На самом деле Вильдэрин сейчас редко задумывался о будущем. А точнее, старался не думать о нём вовсе и не пытаться что-то угадать или предвидеть. Не потому, что ждал чего-то очень уж плохого от грядущих дней, а потому, что ни одно из его предыдущих ожиданий, хоть ужасных, хоть прекрасных, не сбылось даже приблизительно. Так стоило ли тратить силы на попытки что-то предугадать или предусмотреть?
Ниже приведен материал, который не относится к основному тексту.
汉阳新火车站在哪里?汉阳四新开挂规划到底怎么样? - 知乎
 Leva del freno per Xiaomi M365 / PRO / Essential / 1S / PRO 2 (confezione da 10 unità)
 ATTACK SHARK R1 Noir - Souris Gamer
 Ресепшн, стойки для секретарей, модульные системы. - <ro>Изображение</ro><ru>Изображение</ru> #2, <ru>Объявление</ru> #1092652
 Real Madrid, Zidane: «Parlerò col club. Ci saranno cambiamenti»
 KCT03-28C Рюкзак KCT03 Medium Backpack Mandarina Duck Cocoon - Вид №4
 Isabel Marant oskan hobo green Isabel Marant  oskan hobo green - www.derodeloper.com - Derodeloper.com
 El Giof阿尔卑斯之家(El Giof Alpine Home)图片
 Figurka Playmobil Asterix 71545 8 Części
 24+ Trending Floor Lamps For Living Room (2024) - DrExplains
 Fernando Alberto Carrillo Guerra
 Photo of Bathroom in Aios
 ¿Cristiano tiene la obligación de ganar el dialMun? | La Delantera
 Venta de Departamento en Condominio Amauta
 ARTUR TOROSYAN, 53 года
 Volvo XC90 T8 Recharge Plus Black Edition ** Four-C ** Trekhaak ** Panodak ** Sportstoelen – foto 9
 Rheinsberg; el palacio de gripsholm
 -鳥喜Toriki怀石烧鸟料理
А ведь когда-то он полагал, будто вся его жизнь известна наперёд, от рождения и до смерти, невзирая даже на то, что он был наложником царицы, а не просто рабом для утех. Рэме всегда называла его наивным дурнем, когда они спорили из-за чего-то, и он, пожалуй, таковым и был, а может, и до сих пор оставался. Однако даже в те далёкие уже дни он догадывался, что спустя пять или десять лет ему вряд ли удастся по-прежнему быть возлюбленным царицы, ведь он был у неё не первый такой и, вероятно, не последний. Но всё равно Вильдэрин хотел верить (и верил), что стал для неё особенным — особенно любимым — и потому гнал и прятал от себя тревожные мысли, которые пусть едва ощутимо, а всё-таки ворочались внутри.

Он не мог предугадать и не знал, что Великая смертельно больна, и что болезнь отнимет её у него в любом случае. Узнав же, несколько дней провёл как не в себе, толком не ел, не спал и плакал ночами. Царица, конечно, заметила его состояние и расстроилась. Вильдэрин тогда внутренним чутьём понял, что если желает хоть как-то помочь возлюбленной, то нужно не слезы лить, а радовать её как можно чаще и дарить ей всю любовь и ласку, на которую только способен. И он был уверен, что останется с ней до самого конца, а потом его жизнь, опустевшая и горькая, продолжится такой, какой была задумана изначально. Задумана не им, разумеется, а иллиринскими господами.